WORK TO BE COMPLETED.
Scan the entries below, and for each line that includes the word "China", make a copy.

SUPPLIED MATERIAL.
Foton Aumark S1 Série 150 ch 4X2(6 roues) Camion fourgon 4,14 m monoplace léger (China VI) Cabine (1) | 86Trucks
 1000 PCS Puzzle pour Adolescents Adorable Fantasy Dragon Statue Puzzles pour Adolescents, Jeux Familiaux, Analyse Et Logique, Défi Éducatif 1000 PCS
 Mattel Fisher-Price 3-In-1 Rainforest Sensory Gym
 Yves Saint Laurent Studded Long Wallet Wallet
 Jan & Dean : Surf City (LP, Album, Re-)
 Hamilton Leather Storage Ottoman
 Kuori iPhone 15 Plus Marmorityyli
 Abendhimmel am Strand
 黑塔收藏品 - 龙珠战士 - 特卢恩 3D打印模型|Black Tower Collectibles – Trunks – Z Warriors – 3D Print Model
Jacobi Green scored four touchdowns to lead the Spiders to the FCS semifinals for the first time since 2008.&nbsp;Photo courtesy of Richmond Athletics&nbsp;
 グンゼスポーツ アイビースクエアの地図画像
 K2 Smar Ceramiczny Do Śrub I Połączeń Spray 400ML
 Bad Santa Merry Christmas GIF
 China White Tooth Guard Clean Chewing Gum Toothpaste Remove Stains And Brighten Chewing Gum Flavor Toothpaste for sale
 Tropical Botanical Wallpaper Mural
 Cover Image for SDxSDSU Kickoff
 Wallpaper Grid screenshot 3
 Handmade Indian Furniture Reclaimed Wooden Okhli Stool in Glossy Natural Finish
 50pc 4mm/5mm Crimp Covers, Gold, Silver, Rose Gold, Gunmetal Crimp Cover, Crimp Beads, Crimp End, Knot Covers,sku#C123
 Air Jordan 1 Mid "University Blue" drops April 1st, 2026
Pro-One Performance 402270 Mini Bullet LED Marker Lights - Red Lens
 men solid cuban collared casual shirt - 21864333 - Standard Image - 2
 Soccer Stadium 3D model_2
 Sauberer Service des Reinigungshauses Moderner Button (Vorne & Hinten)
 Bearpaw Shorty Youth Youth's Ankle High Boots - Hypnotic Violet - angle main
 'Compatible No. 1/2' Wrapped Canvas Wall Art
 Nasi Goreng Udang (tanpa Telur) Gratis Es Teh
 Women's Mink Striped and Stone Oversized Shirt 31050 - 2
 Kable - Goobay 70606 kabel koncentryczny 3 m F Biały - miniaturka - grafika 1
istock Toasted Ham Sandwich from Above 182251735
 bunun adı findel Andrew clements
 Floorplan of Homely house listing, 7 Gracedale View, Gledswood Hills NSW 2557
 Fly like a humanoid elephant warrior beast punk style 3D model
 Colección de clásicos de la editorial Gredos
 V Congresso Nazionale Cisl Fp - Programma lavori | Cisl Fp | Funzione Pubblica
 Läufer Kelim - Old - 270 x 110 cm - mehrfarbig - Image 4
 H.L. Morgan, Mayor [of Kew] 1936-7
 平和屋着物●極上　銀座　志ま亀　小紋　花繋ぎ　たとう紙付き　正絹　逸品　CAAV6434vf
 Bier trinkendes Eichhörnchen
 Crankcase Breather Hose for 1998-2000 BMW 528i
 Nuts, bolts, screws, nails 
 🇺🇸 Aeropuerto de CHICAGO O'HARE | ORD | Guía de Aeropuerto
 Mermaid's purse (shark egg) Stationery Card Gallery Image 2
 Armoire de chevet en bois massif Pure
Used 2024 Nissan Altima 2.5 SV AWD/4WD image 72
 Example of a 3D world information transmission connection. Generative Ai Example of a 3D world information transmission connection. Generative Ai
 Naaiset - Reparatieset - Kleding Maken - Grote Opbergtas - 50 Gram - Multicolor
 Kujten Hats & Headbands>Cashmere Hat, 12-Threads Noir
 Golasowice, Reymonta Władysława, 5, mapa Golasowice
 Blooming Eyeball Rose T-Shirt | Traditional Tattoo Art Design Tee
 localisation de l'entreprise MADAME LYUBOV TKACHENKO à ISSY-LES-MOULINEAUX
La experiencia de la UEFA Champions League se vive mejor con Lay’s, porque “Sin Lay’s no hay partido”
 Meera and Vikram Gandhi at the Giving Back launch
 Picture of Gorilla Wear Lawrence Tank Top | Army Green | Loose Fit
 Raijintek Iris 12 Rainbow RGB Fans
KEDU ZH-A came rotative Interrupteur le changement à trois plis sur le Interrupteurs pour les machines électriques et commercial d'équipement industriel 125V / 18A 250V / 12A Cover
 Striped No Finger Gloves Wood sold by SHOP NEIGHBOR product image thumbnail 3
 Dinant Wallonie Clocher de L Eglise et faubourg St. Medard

ANSWER FOR THIS EXERCISE.
Foton Aumark S1 Série 150 ch 4X2(6 roues) Camion fourgon 4,14 m monoplace léger (China VI) Cabine (1) | 86Trucks
 China White Tooth Guard Clean Chewing Gum Toothpaste Remove Stains And Brighten Chewing Gum Flavor Toothpaste for sale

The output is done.